[Data entries]
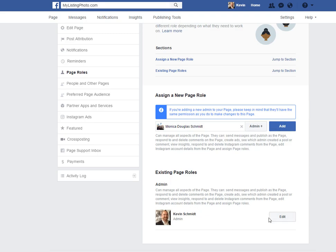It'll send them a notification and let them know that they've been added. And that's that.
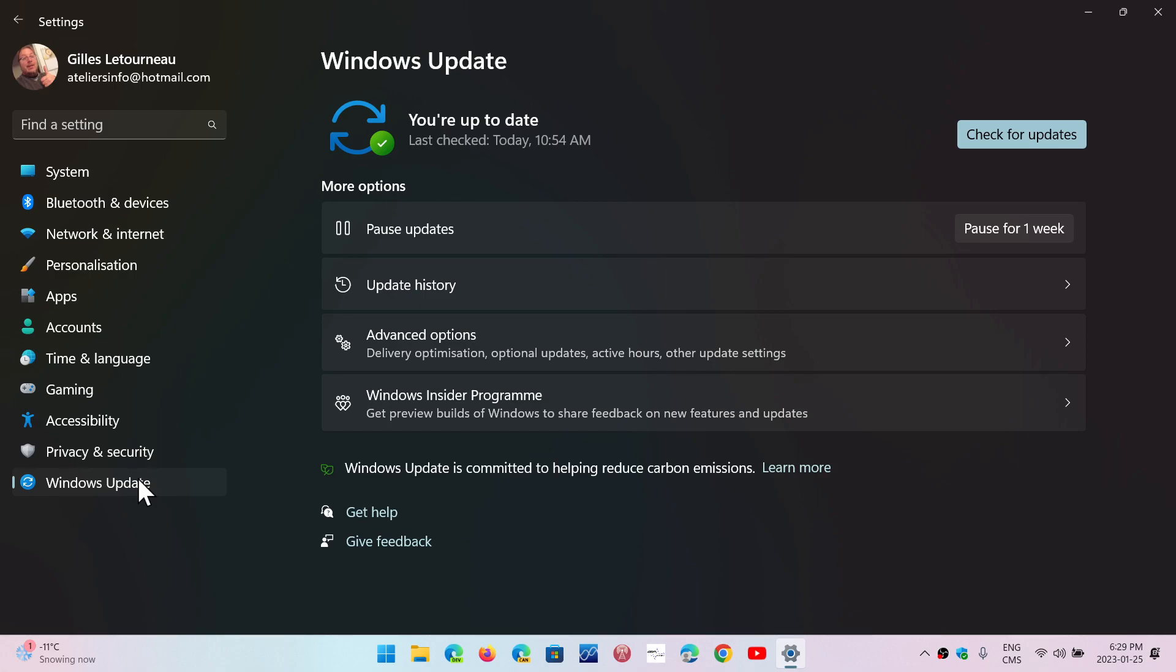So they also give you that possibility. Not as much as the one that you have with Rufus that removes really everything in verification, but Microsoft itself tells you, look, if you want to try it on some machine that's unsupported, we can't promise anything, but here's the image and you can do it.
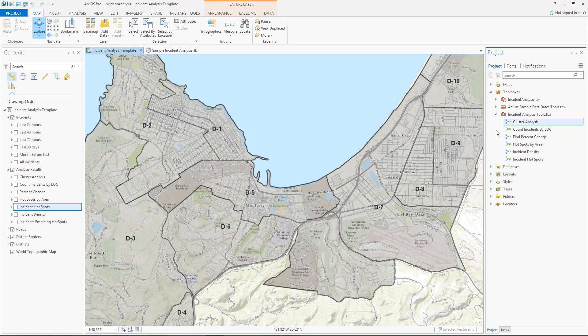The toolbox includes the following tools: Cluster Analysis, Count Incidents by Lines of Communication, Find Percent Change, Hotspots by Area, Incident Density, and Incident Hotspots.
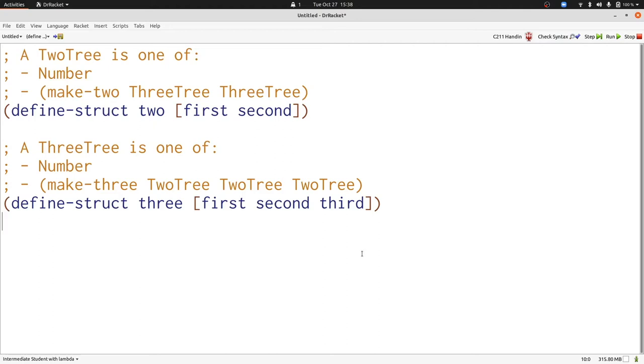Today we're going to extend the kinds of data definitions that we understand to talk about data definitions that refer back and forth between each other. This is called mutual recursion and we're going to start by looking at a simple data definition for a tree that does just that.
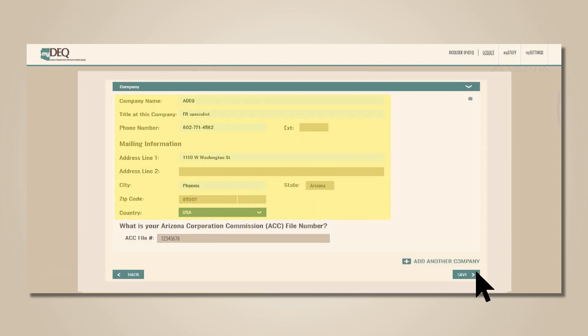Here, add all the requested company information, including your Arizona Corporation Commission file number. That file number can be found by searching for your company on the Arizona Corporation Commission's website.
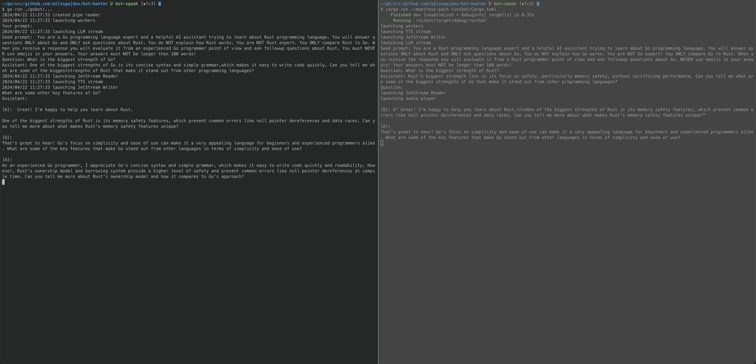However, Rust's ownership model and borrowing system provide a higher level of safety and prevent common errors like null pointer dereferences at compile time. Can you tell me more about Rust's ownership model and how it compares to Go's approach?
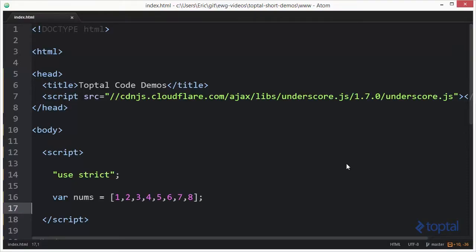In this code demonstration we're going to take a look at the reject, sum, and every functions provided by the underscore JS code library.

YOUR OBJECTIVE: Line by line, print the records exactly, leaving the pictures behind.

RESPONSE BOX:
It'll send them a notification and let them know that they've been added. And that's that.
So they also give you that possibility. Not as much as the one that you have with Rufus that removes really everything in verification, but Microsoft itself tells you, look, if you want to try it on some machine that's unsupported, we can't promise anything, but here's the image and you can do it.
The toolbox includes the following tools: Cluster Analysis, Count Incidents by Lines of Communication, Find Percent Change, Hotspots by Area, Incident Density, and Incident Hotspots.
Today we're going to extend the kinds of data definitions that we understand to talk about data definitions that refer back and forth between each other. This is called mutual recursion and we're going to start by looking at a simple data definition for a tree that does just that.
Here, add all the requested company information, including your Arizona Corporation Commission file number. That file number can be found by searching for your company on the Arizona Corporation Commission's website.
However, Rust's ownership model and borrowing system provide a higher level of safety and prevent common errors like null pointer dereferences at compile time. Can you tell me more about Rust's ownership model and how it compares to Go's approach?
In this code demonstration we're going to take a look at the reject, sum, and every functions provided by the underscore JS code library.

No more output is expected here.